Une explosion d’émotions
Revoir Barbe-Bleue dansé par une nouvelle génération d’interprètes est éminemment touchant. On imagine, par surimposition, quels furent les danseur·ses qui créèrent le ballet et leur façon de répondre aux questions que leur posaient Pina Bausch. Une méthode de travail qu’elle n’a jamais cessé d’appliquer. Ces réponses donnent lieu à des images que l’on n’oubliera plus : les chevelures des femmes qui claquent le torse des hommes, les fanfaronnades viriles des hommes en slips bariolés, le tracé des corps allongés glissant à travers les feuilles mortes, crépitant comme des amours finissantes, les empilements de corps de femmes sur une chaise, cette fameuse omniprésence des chaises qui parcourt toute l’œuvre de Pina Bausch, les corps qui se jettent l’un sur l’autre, contre les murs. Toute une déflagration d’affects qui se cognent mais qui s’étreignent aussi, se soutiennent parfois, et chutent, souvent, s’effondrant sur le sol. “Regarde les êtres tomber”, semble nous dire Pina Bausch à travers le spectacle. “Écoute-les gémir, crier, rire à tue-tête”.

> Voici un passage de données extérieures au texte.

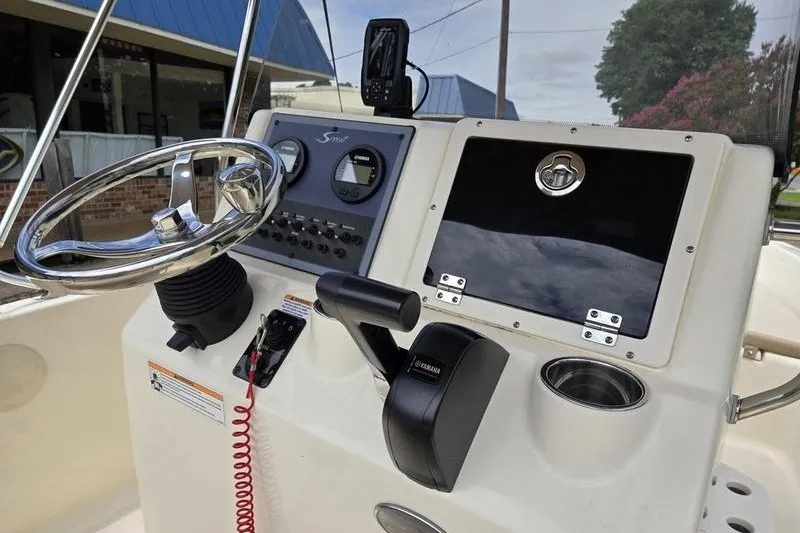 Slide: The Image of 2025 Scout 175 Sportfish boat console with steering wheel, controls, and gauges. - 16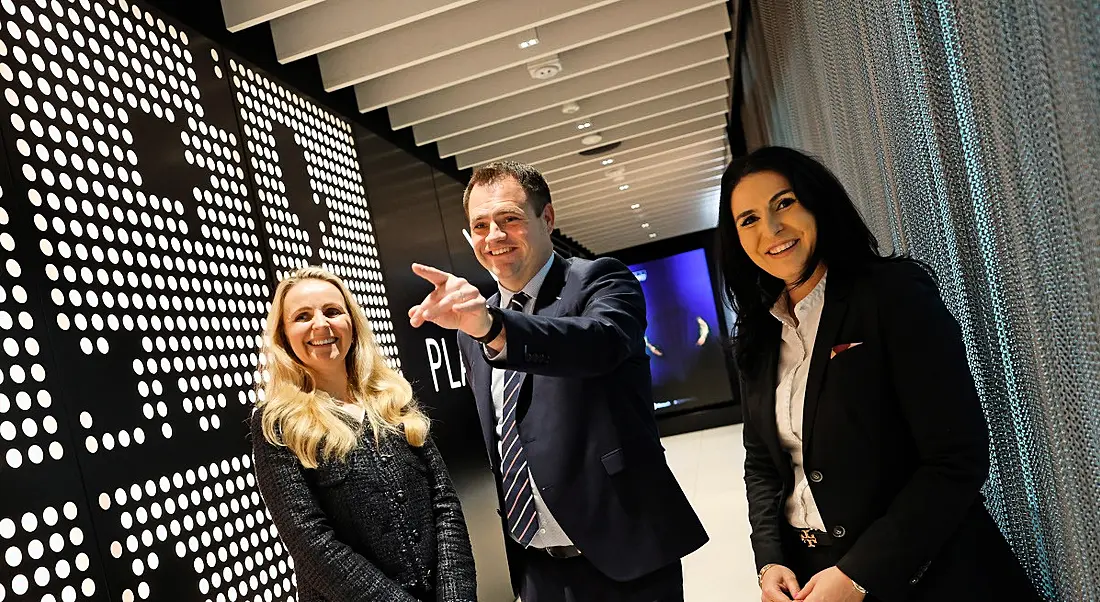 Two women from KPMG and an Irish minister standing in a hallway.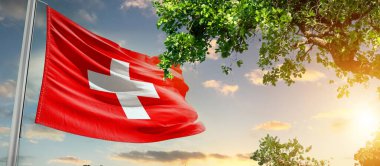 İsviçre gün batımına karşı ağacın yanında bayrak sallıyor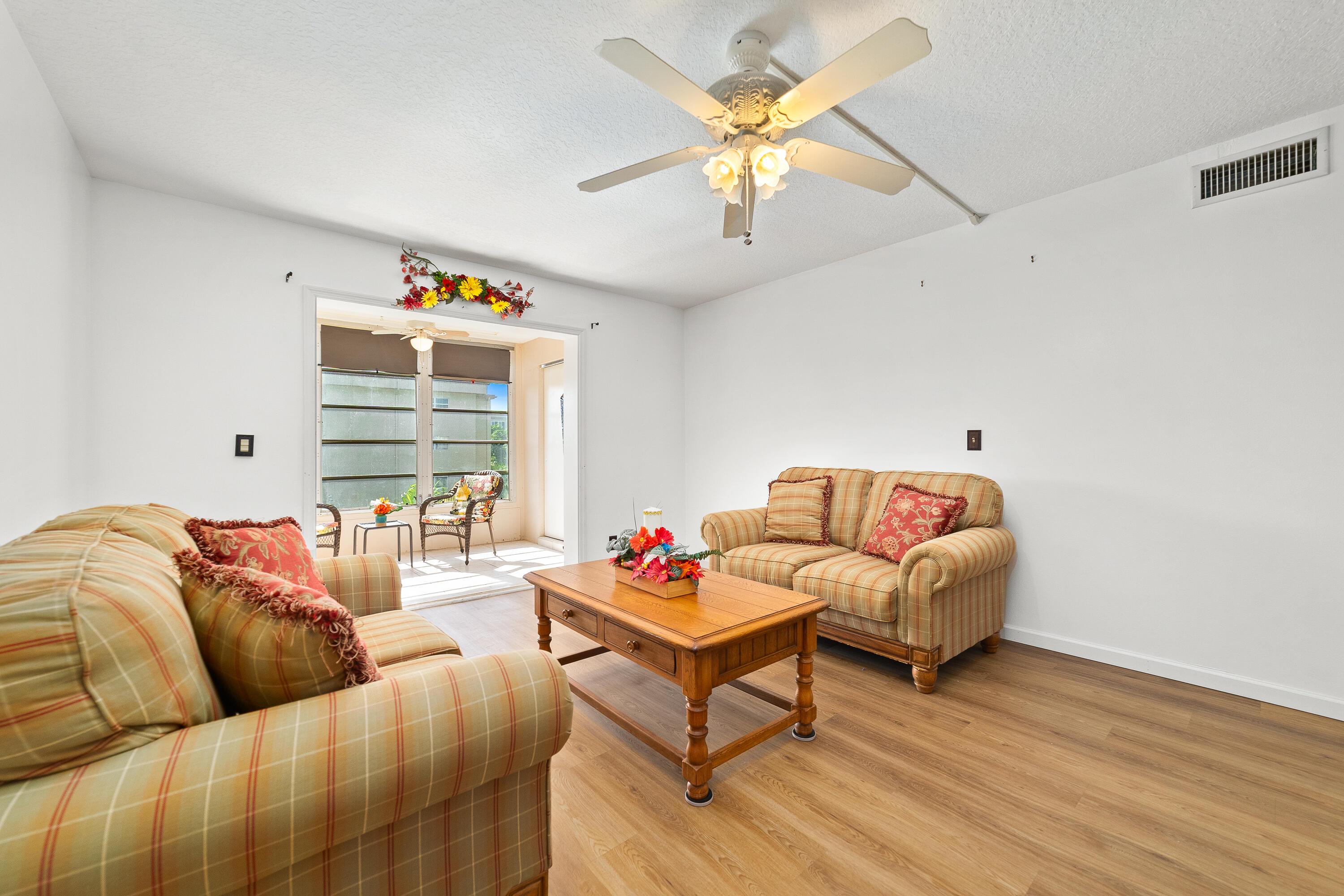 230 Northeast 26th Avenue, Unit 3020 Boynton Beach, FL 33435 - Photo 15 of 44 a living room with furniture and a large window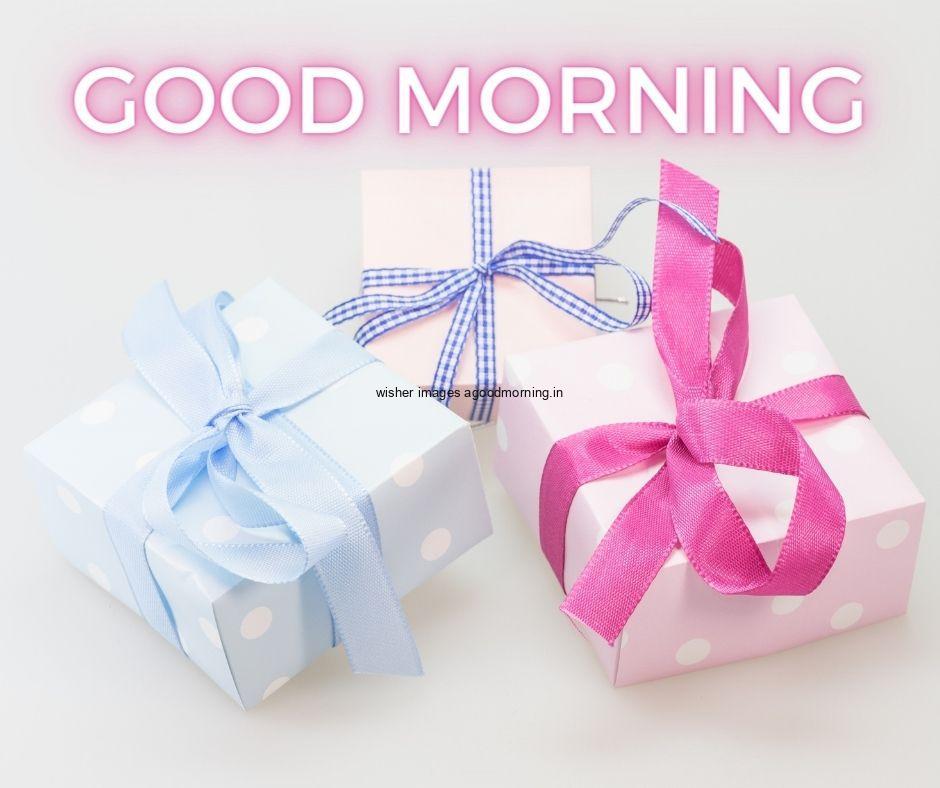 White colour background with breautiful white colour gift boxes with pink,blue and purple ribbons are placed good morning images box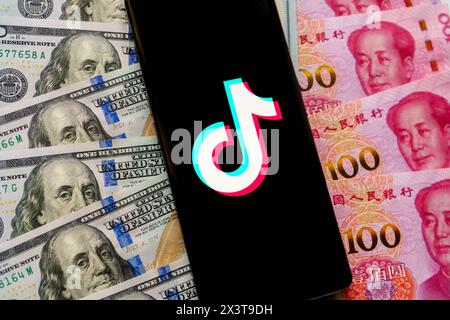 TikTok app logo seen on the screen of smartphone, which is placed on US dollars an Chinese Yuan banknotes. Stafford, United Kingdom, April 28, 2024 Stock Photo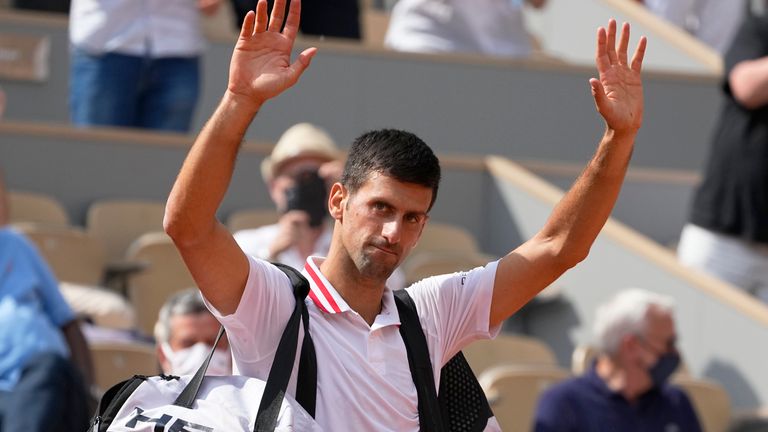 Novak Djokovic waves to the crowd after Italy&#39;s Lorenzo Musetti retired from the match in their fourth round match on day 9, of the French Open tennis tournament at Roland Garros in Paris, France, Monday, June 7, 2021. (AP Photo/Michel Euler)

Tout la grammaire gestuelle de Pina Bausch se met en place, tout comme son engagement humaniste, comme le rappelle Thomas Hahn dans le texte de la feuille de salle : De chair et de chocs. “En 1987, Alice Schwarzer, fondatrice de la revue Emma, rencontre Pina Bausch. À cette icône du féminisme allemand, accusée par conservatisme de fomenter un clivage violent par la ‘lutte des sexes’, la chorégraphe confie que ses pièces représentent la réalité, telle qu’elle la perçoit au quotidien. Et pas une réalité retravaillée : ‘J’aime les humains, chacun d’entre eux. Je pense que ça se voit sur scène. J’essaie de comprendre leurs sentiments et quelle détresse les pousse à de tels comportements. J’essaie de comprendre les causes de cette violence. Comme dans Barbe-Bleue. Ou Kontakthof.”
Depuis 1977, #MeToo est passé par là et permet de mesurer l’intemporalité — autant dire l’actualité permanente — de l’art de Pina Bausch. Avec la nomination de Boris Charmatz à la direction du Tanztheater de Wuppertal, le rendez-vous annuel n’est pas prêt de s’arrêter. Ô joie.
Barbe-Bleue, Tanztheater Wuppertal – Pina Bausch. Au théâtre du Châtelet – théâtre de la Ville hors les murs – jusqu’au 2 juillet.